Encounters are confrontations. The other confronts our presumptions about what’s next and our assumptions about what’s the case, that self-ratifying system of habits of behavior and belief, part personal, part public, that characterizes our inattentive efficiency. In an encounter, the alitorium of the other, that global environment of others and othernesses the other lives in, presents itself to us in ways that presses, tugs, infects and disinfects, awakens and suppresses parts of our alitorium. Perhaps we respond with change, perhaps with renewed resistance to change, but the confrontation occurs and, subtly or dramatically, reluctantly or readily, our alitorium changes.
We can think about our system of habits of behavior and belief in terms of our pep, the powers we exert, the energies we expend, the potentialities we exploit, in terms of observable influences, exertions or actions which can serve as clues about our alitorium. It’s through observation of someone or something’s pep that we get a sense of its alitorium and the alitorium’s alterations. More pep here.
So, for instance, when we see someone or something exerting power by discouraging, suppressing or penalizing, we can make inferences about a whole section of their alitorium related to the norms guiding their important others, and themselves.
So let’s say someone explains that they won’t wear a face mask at a party because the social norms of the group would think it ‘inappropriate’. We can infer something about the alitorium of that person related to other party goers and the power of their looks and laughs.
Or, if we see someone or something struggling, striving, stressed, teetering, we can make inferences about the part of their alitorium related to forces at work and constraints in place in their environment.
Let’s say we see someone struggling to make student loan debt payments while faced with high prescription prices (painfully, too common).
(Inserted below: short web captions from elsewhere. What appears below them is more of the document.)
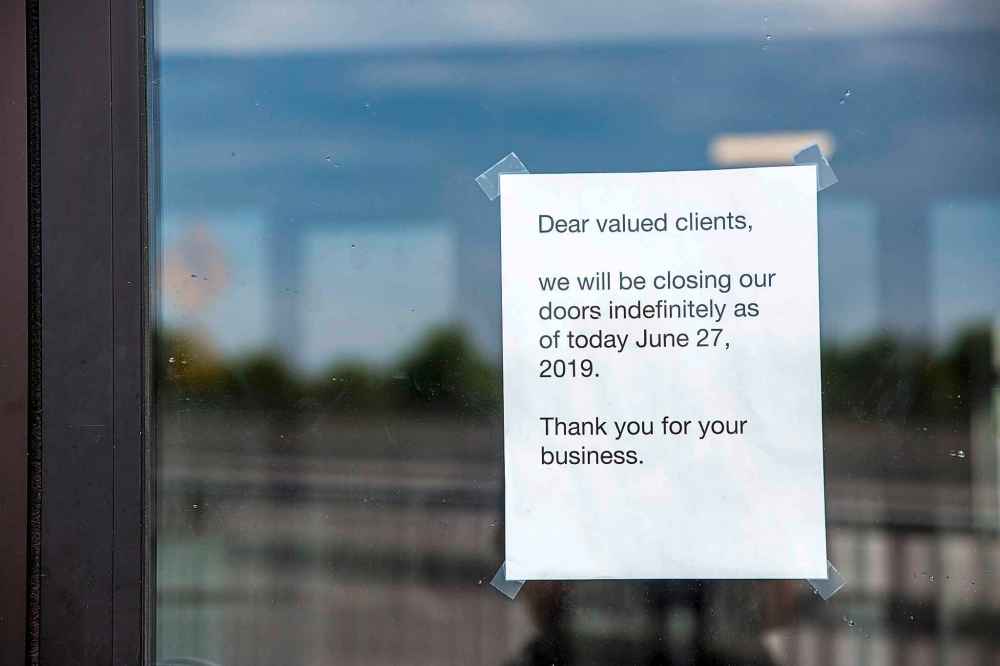 MIKAELA MACKENZIE / WINNIPEG FREE PRESS
A sign on the door at White Lotus Pet Spa on Donald Street.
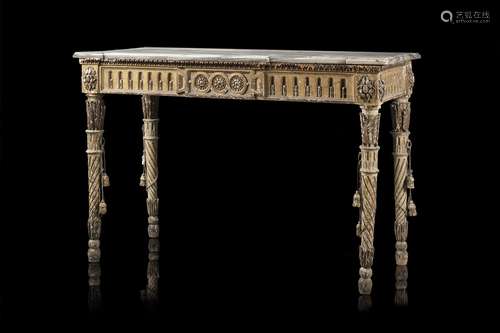 An 18th-century carved lacquered and partially gilt wooden t...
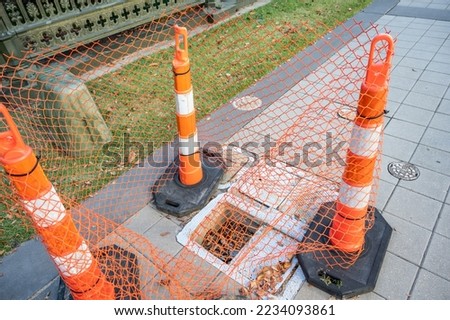 Open cover on a sidewalk access panel with hazard cones and fencing.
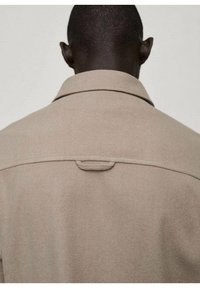 Beige jas met een klassieke kraag en gestikte schouderpas aan de achterkant. De stof heeft een textuurafwerking en een lus aan de achterkant om op te hangen.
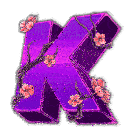 a purple letter k surrounded by pink flowers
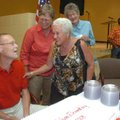 Bob Folsom, left, talks with Marie Easterling, right, and Sharon Mullen, center, during a dedication...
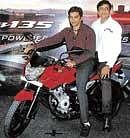 Bajaj Auto General Manager (Two-Wheeler) Milind Bade (right) & F1 driver Narain Karthikeyan in Bangalore.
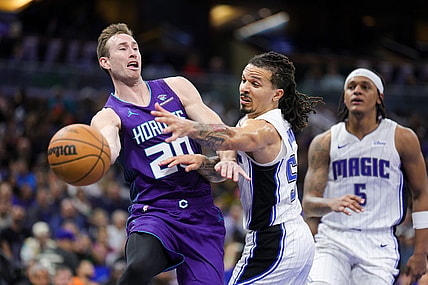 Nov 26, 2023; Orlando, Florida, USA;  Charlotte Hornets forward Gordon Hayward (20) passes the ball past Orlando Magic guard Cole Anthony (50) in the fourth quarter at Amway Center. Mandatory Credit: Nathan Ray Seebeck-USA TODAY Sports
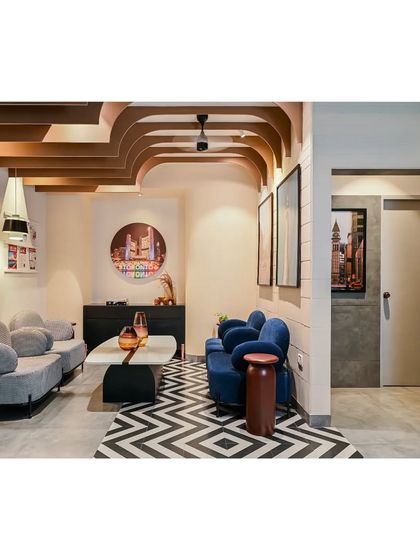 Another view of the reception area, showcasing the interplay of patterns, colors, and the sculptural ceiling fins that define the office's unique design language.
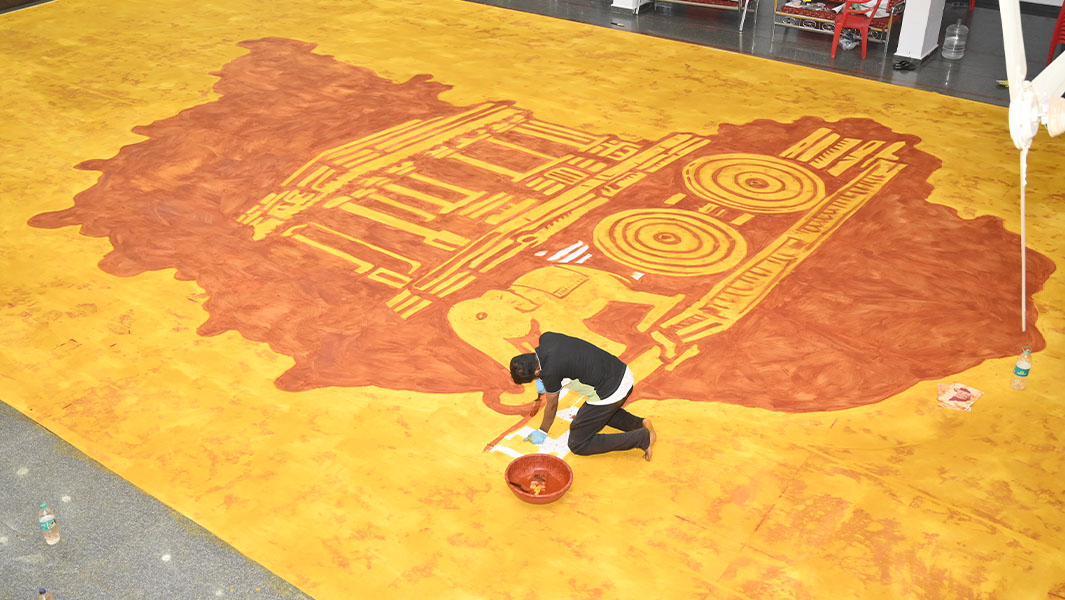 Amar working on the largest spice painting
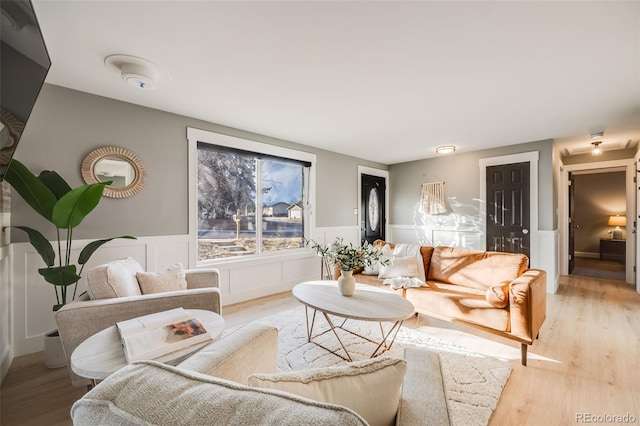 living room featuring a wainscoted wall and light wood-style flooring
Clearly the alitorium of that person gives prominent place to the particular others exhibiting the forces of physical need (the body) and the constraints of legal obligation (the lender).
Or, if we see someone or something responding to the latent possibility, not yet the actuality, of something else experiencing shifts in its equilibrium or internal distribution, we can make inferences about the part of their alitorium that’s about the calculation of capabilities of others and their component parts.
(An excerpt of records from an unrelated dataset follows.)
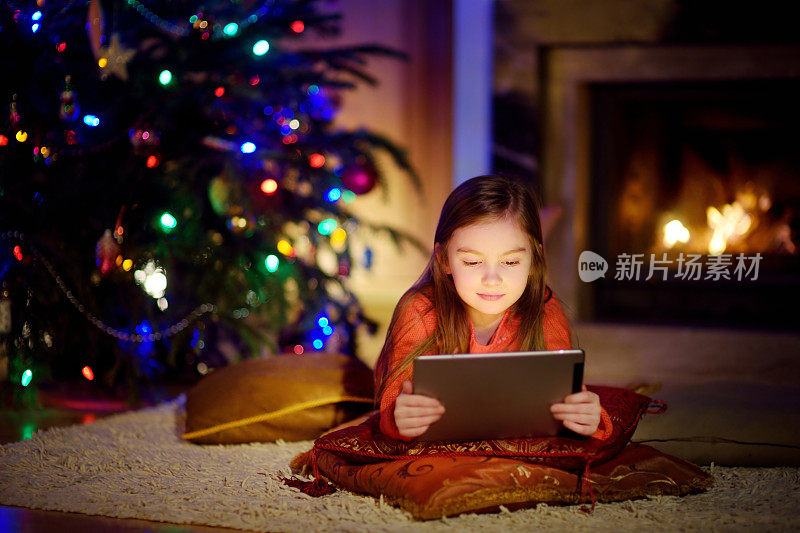 可爱的小女孩在圣诞节壁炉旁使用平板电脑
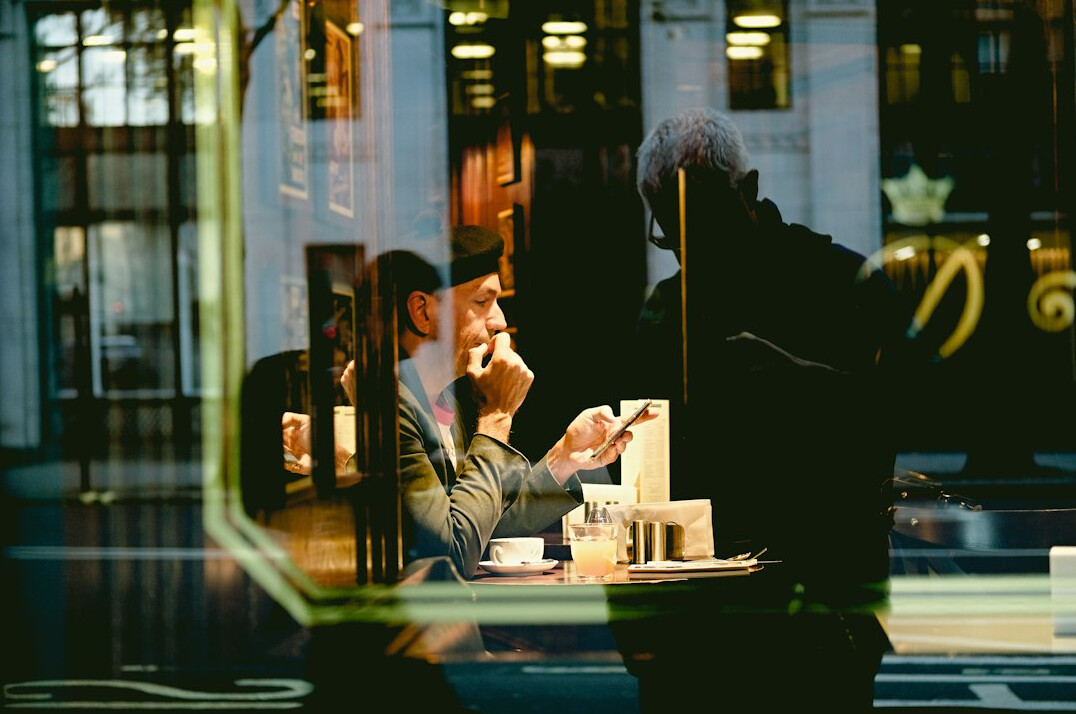 Two colleagues talking during a coffee break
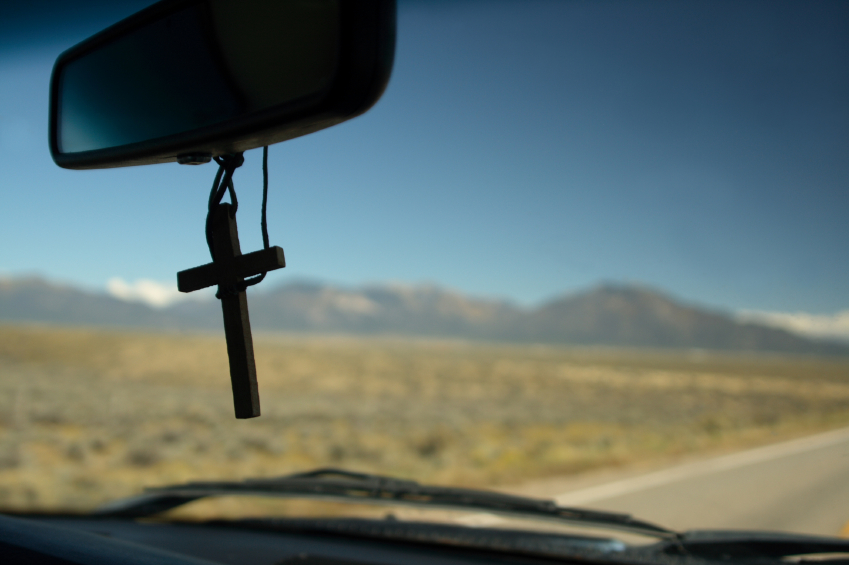 cross hanging in rear view mirror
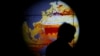 FILE - A woman walks past a map showing the elevation of the sea in the last 22 years during the World Climate Change Conference 2015 (COP21) at Le Bourget, near Paris, France, Dec. 11, 2015. 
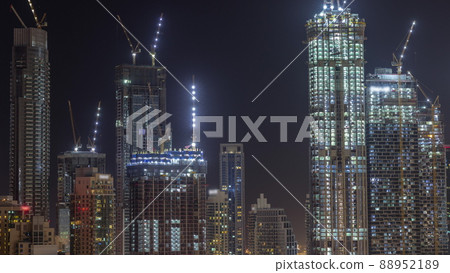 High multi-storey buildings under construction and cranes at night timelapse 88952189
So let’s say someone has lived by a doctrine of making sure none of their relevant peers is significantly more influential overall than the other others. An example might be British foreign policy vis a vis continental Europe in the nineteenth century, for instance. But if there’s a suspicion that one peer is capable of expanding its influence in a way that might threaten that balance of power, action might be taken, perhaps to contain, perhaps to challenge, itself based on an assessment of what others, and we ourselves, can, may and will actually do.
The ultimate, but much more equivocal, inferences we can make based on pep observations are to motives or agendas, the whys of our actions.
Our pep then is a way to compare our before and after encounter selves. Not all changes are dramatic, not all changes are sudden, not all changes are massive, but there will be some eventually discernible change, and reflection on our encounters is likely to reveal it.